— Exercise description —
With the pictures omitted, output word for word the lines from the one containing "Independent flyer - November" through the end of the records.

(Data records begins)

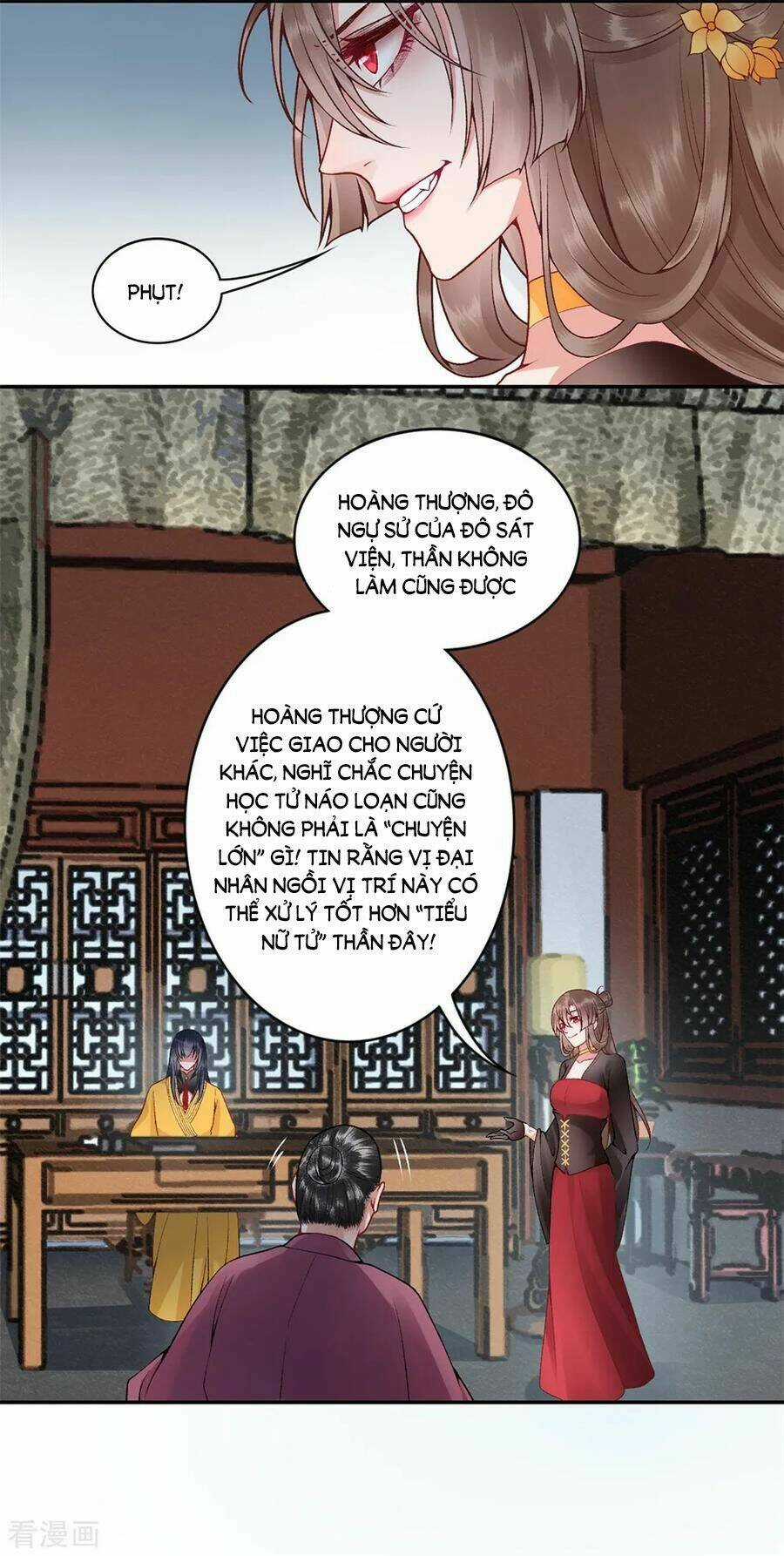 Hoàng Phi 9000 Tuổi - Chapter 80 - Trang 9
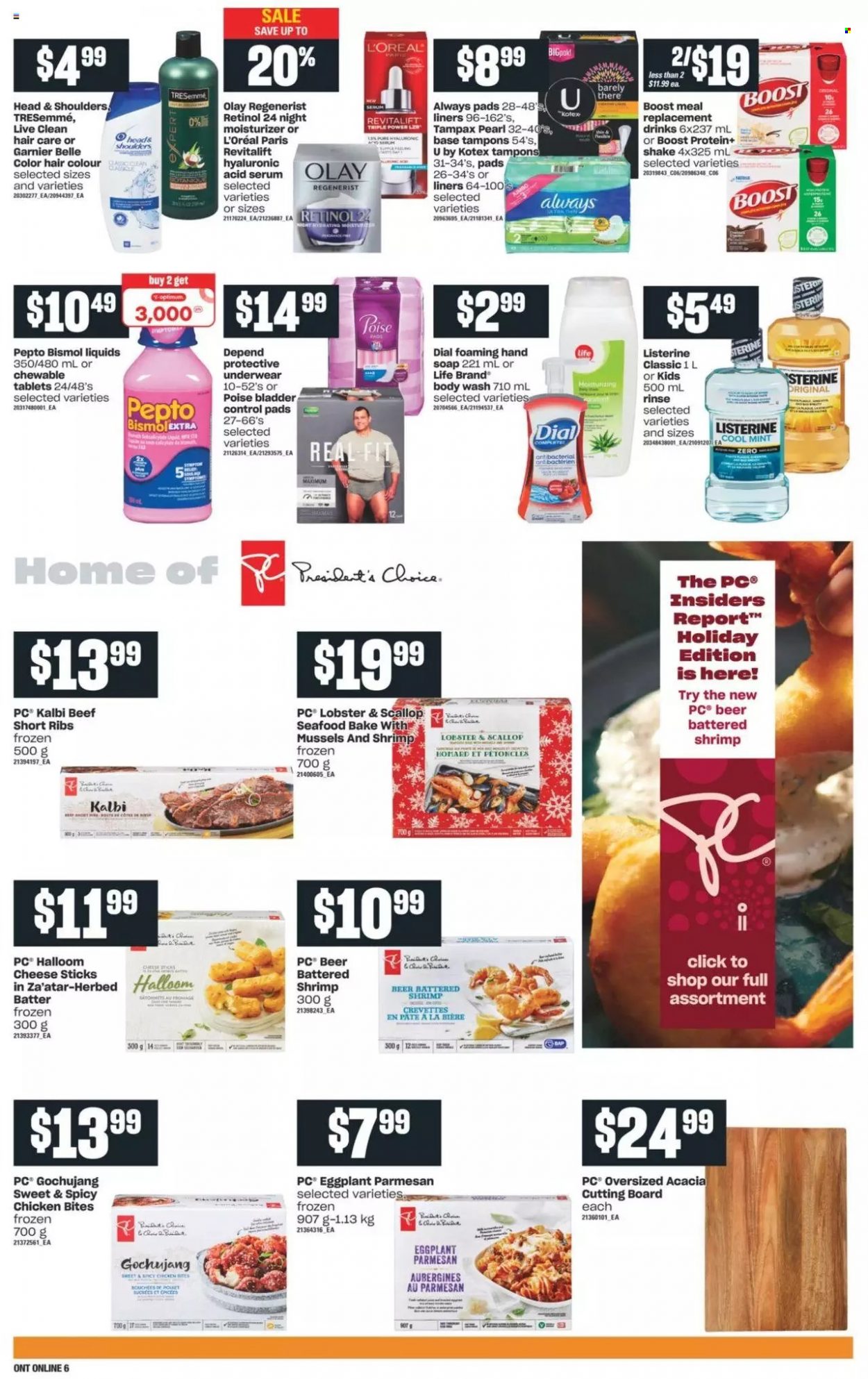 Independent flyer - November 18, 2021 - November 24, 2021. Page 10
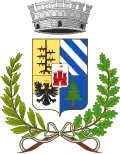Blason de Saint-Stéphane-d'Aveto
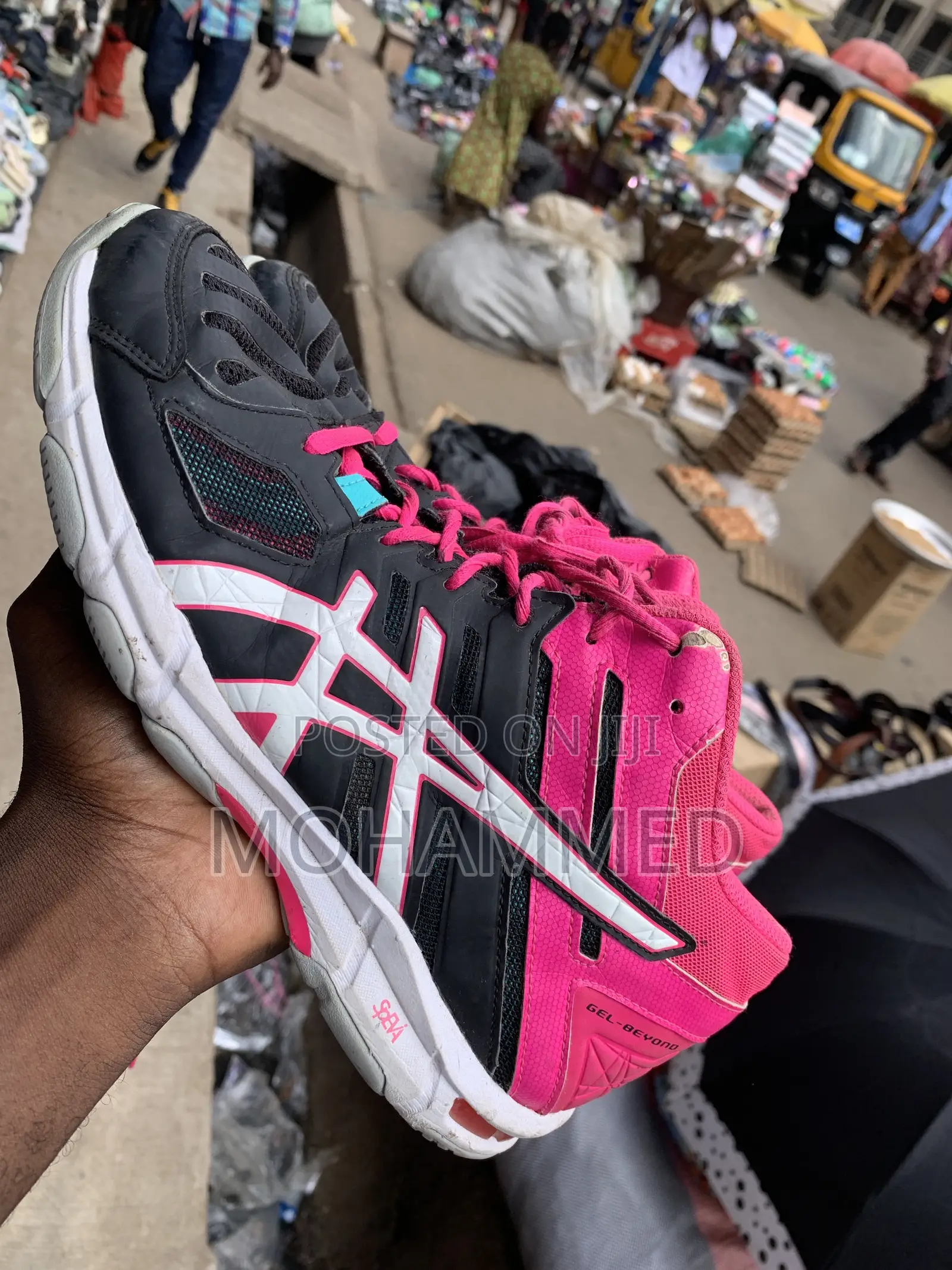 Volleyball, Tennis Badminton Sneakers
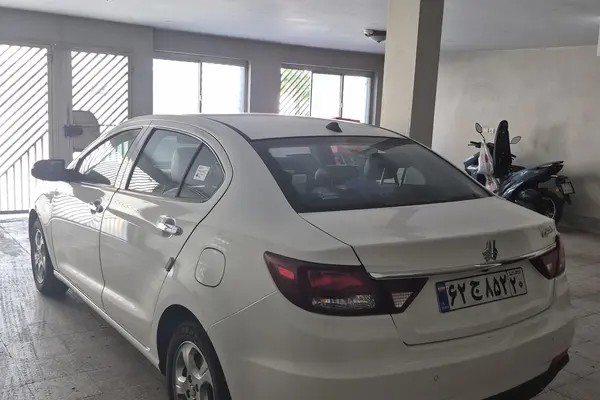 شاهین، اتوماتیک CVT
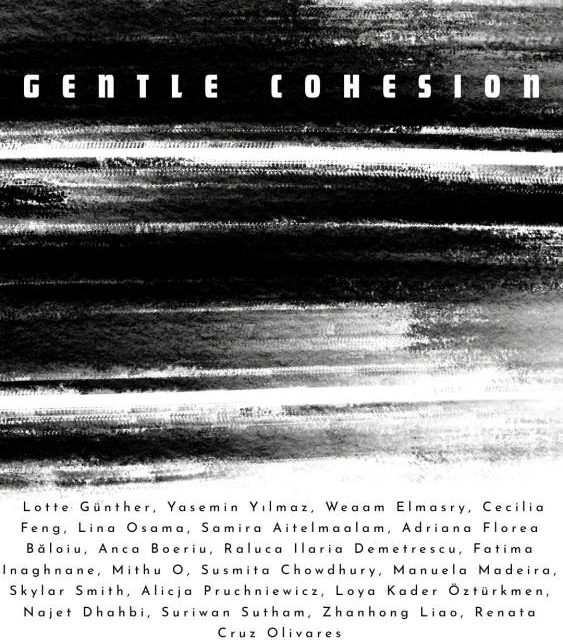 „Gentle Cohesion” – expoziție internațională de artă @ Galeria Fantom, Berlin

(Data records ends)

— Answer space —
 Independent flyer - November 18, 2021 - November 24, 2021. Page 10
Blason de Saint-Stéphane-d'Aveto
 Volleyball, Tennis Badminton Sneakers
 شاهین، اتوماتیک CVT
 „Gentle Cohesion” – expoziție internațională de artă @ Galeria Fantom, Berlin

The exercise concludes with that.